16 Mayıs 2012

Son Düzlük - İbrahim Tenekeci



Edebiyatçılar, genellikle ömürlerini uzatmak için yazarlar. Meselâ Mehmet Akif Ersoy hâlâ yaşıyor, yaşamaya da devam edecek. Yunus Emre veya Şeyh Galip de öyle. Fakat bu insanların arkadaşlarını, yaşıtlarını kim biliyor?

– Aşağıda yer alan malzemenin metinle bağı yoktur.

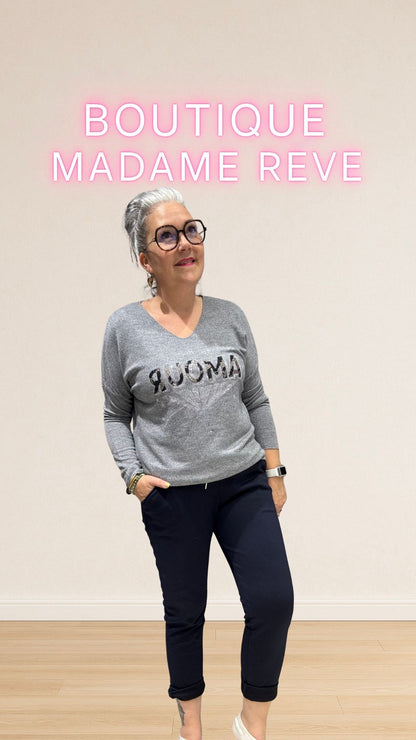 Détail de la maille striée et du col V féminin du pull MIMI.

Kimse...

Biraz dikkat edince; ayakta kalan, ömrü uzayan isimlerin, edebiyata meslek değil de, mesele olarak baktıklarını görüyoruz. (s:9)

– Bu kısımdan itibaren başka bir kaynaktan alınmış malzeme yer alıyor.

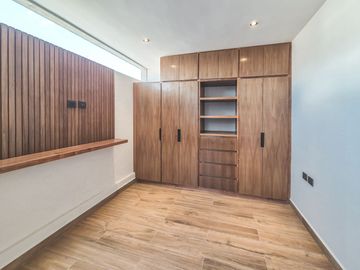 Casa En Venta Con 3 Recámaras Y Diseño Único En Lomas De Angelópolis III, Isla Blanca.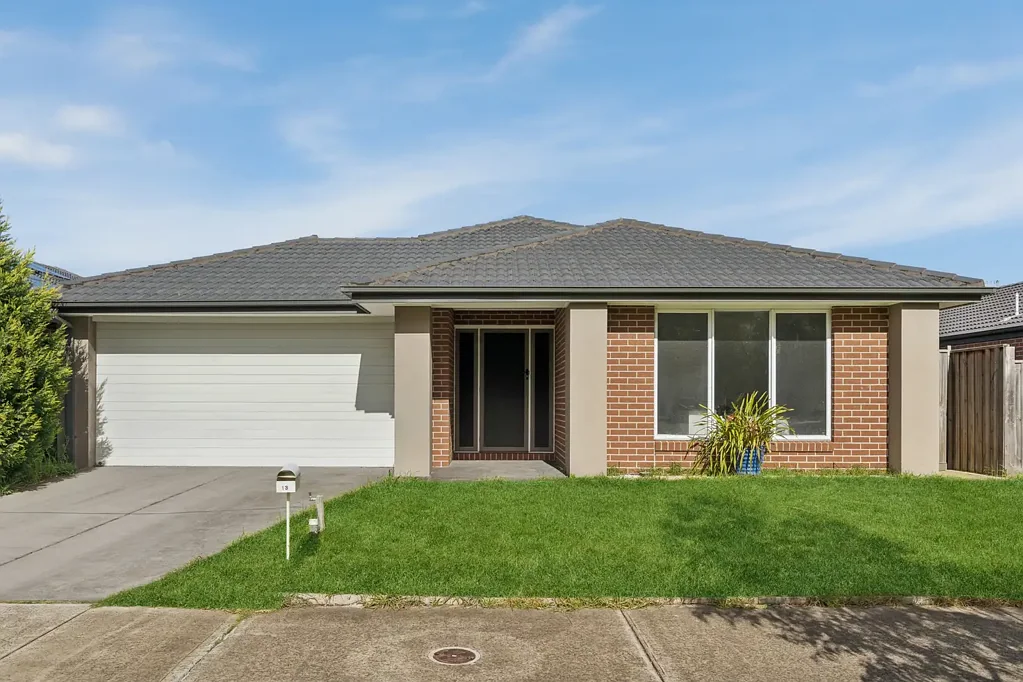 Mernda 4Habitaciones Family Living in a Well-Connected Mernda Setting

Sürüden ayrılmak, bir insanın yapabileceği en akıllı ikinci iştir. (Birincisi, İslâm'ı seçmek.) Sürüden ayrılmak, beraberinde "ve diğerleri" olmamayı getirir; insanın ufkunu, zihnini açar. Kristof Kolomb sürüden ayrılmasaydı yeni bir kıta bulamayacak, sıradan bir denizci olarak ölecek, haliyle unutulup gidecekti.

...Yüzlerce şair ve yazar körü körüne Batı kültürünün peşinden giderken; Sezai Karakoç Diriliş neslini, Necip Fazıl Kısakürek Büyük Doğu'yu, Mehmet Akif Ersoy Asım'ın şahsında İslâm alemini savunuyordu.

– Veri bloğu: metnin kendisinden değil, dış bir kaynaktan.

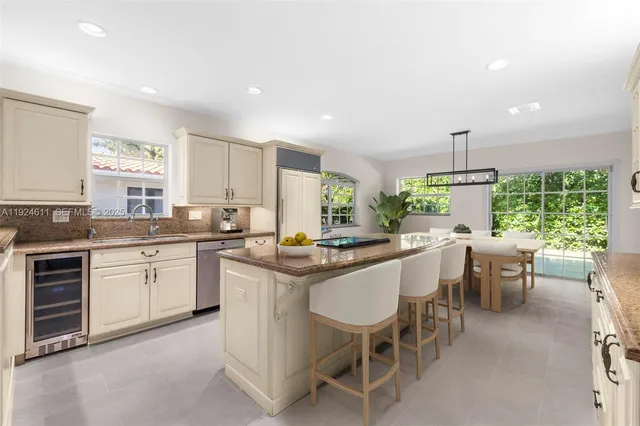 $1,749,000 | 911 Andres Avenue, Coral Gables, FL 33134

Bugün millet olarak sürünüyorsak, büyük bir sürü olduğumuz içindir. O sürü ki, başbakanı haksız yere idam edilirken, kahvede çay içiyordu...

...şu anda gündemde olan şeylere aldırmayın. Eğer bir şey çok fazla konuşuluyor, manşetlerden inmiyor, ana haber bültenlerinden düşmüyor, insanlara dayatılıyorsa; ortada yanlış bir iş var demektir...

Çünkü doğrular, tıpkı iyilik gibi, sessiz sedasız ve derinden ilerler...

Velhâsıl, doğru ve güzel bir iş yaptığınız zaman, 'görülmedi', 'ses getirmedi' diye sakın üzülmeyin...(s:32)

Bugün, dört dörtlük şiirler yazdım, kusursuz bir heykel yaptım, harika bir bina diktim diye öğünüp diğerlerini küçük görenler; şunu iyi bilmelidirler ki, yukarıdan bakınca dünyaya ait her şey küçüktür,eşittir...

Ve yarına kalmak, beceri değil, nasip meselesidir. Ayrıca, sadece insanların değil, eşyanın da bir kaderi vardır...(s:46)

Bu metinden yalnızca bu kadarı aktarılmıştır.